# ADA Slim Wood?



## Bserve (Nov 4, 2012)

Anyone heard of or know what ADA Slim wood is?

Looks cool. Maybe manzy? I dunno.


----------



## rraicu (Mar 21, 2011)

Aqua Forest SF called these "branch wood" yesterday, seems similar.

(Top right box)

Sent from my Nexus 5 using Tapatalk


----------



## Bserve (Nov 4, 2012)

rraicu said:


> Aqua Forest SF called these "branch wood" yesterday, seems similar.
> 
> (Top right box)
> 
> Sent from my Nexus 5 using Tapatalk


Yeah that's branch wood, AKA Red Moor Root wood. This new wood looks kind of like a crab or lobster back at its base.
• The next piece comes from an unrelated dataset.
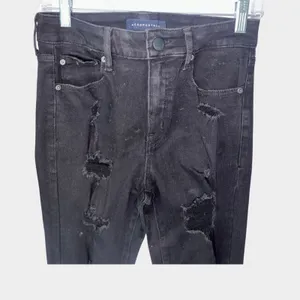 Aeropostale High Rise Jeggings Size 8 Distressed‎ Denim Grunge Punk Streetwear thumbnail 2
Mr. Barr would know lots about this I'm sure. *chuckles*


----------



## ThatGuyWithTheFish (Apr 29, 2012)

Do you know what Horn Wood is?


----------



## Bserve (Nov 4, 2012)

ThatGuyWithTheFish said:


> Do you know what Horn Wood is?


Yeah, Driftwood. Comes from TX I believe.


----------



## ThatGuyWithTheFish (Apr 29, 2012)

Yeah, I think it's Manzanita.


----------